WHEN Niamh Gamble was growing up playing the beautiful game, the number of professional female footballers for young girls to look up to was scarce.

As the women and girls development officer at Colchester United, Miss Gamble has seen the evolution of the women’s game accelerate, and it arguably reached its pinnacle on Sunday evening in front of a watching television audience of 17 million.

England women’s lifting of the European Championship has come following decades of marginalisation for women’s football; the game was hardly given a second thought by Britain’s biggest football teams until the early 2010s, and schools were once seen as trailblazing simply for even fielding a girls’ side.

Professional football clubs like Colchester United have had to fight to receive the requisite funding to put together a women’s development programme – and although the U’s had a female side as far back as the 1990s, it folded in 2013.

But the club has not been waiting for the success of England women before laying out plans to develop the women’s game to a respectable level in the city.

Miss Gamble, who took up her role as the women and girls development officer in May, explained the recent development of the women’s academy in recent years has put the club in a good position to take advantage of England’s success whilst it is still in the national consciousness.

She said: “When I first started at Colchester United, our girls pathway was really small.

“We had the talent centre for four to 11-year-olds and a girls development centre of 100 girls, but we’re really invested into the women and girls pathway so we can give opportunities to all abilities.

“We can also run an emerging talent centre, which is like an academy, so we can create a pool of future players.”

The opportunities Miss Gamble is helping to create now were not available when she was an aspiring footballer.
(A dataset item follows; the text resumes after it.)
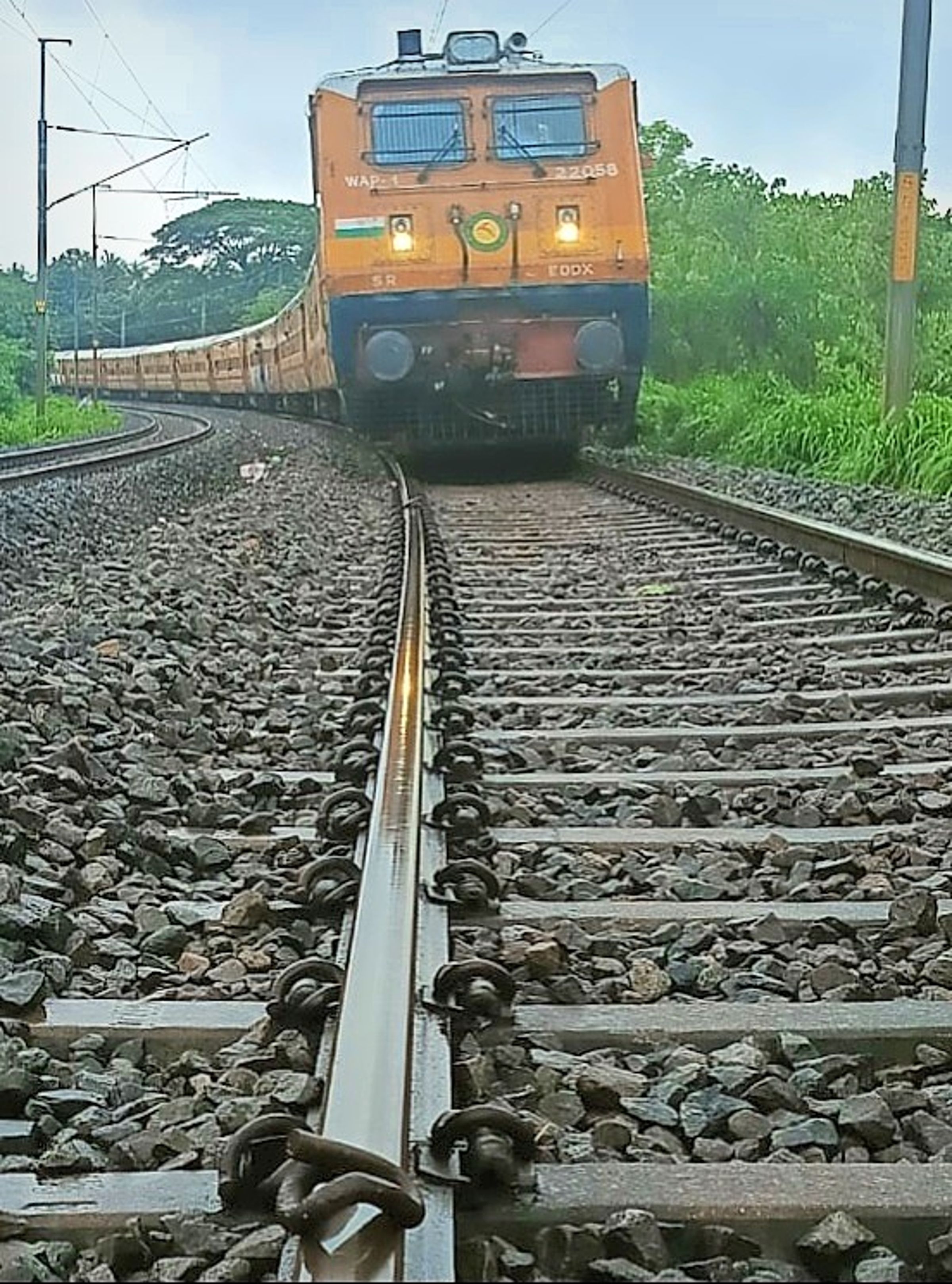 മായന്നൂർ മേൽപ്പാലത്തിനുസമീപം റെയിൽപ്പാളത്തിൽ  അപകടകരമായ രീതിയിൽവച്ച  ഇരുമ്പുക്ലിപ്പുകൾ (വൃത്തത്തിൽ)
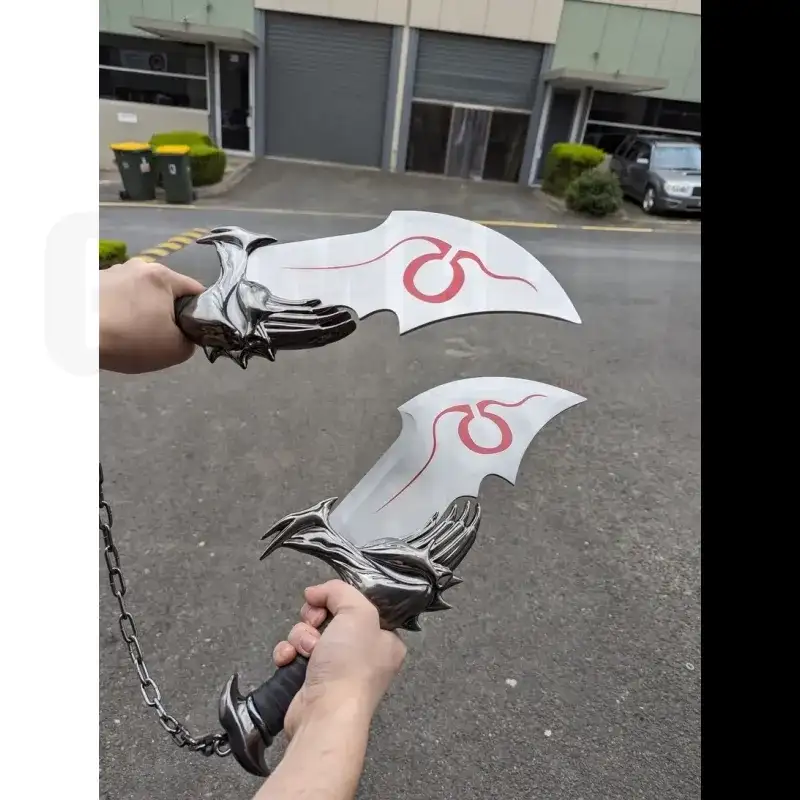 Blades of Chaos – God of War Replica | GameplayGears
The 22-year-old watched her first professional women’s game at the 2012 Olympics where Britain’s women went out at the quarter-final stages – but her interest in football had been piqued years before.

“I’ve played football since I was eight,” she said.

“I was the girl playing football with the boys on the football field; I’ve been a coach since I was 14 and was a volunteer coach with the Essex FA.

“Football has been there since I was a young age, and I’m very happy in my role creating opportunities for girls who didn’t have them when they were my age.”

Not only are football clubs taking the game more seriously – there are more visible role models for young female footballers too.

The profile of the women’s game is gaining momentum in such a way that more young girls than ever before will be able to name a professional female footballer; Jill Scott, Alessia Russo, Leah Williamson, and Georgia Stanway are all names which will be etched into the memories of young girls who watched England’s women lift the country’s first major tournament since 1966.

“Like other girls my age, your idols growing up were all male players – that’s all you ever saw, but you didn’t think anything of it.

“It wasn’t until after the London Olympics when the Women’s Super League was professionalised that we started going to as many women’s football games as possible.

“I’m slightly jealous of the girls now who will have so many wonderful players to look up to as their real role models.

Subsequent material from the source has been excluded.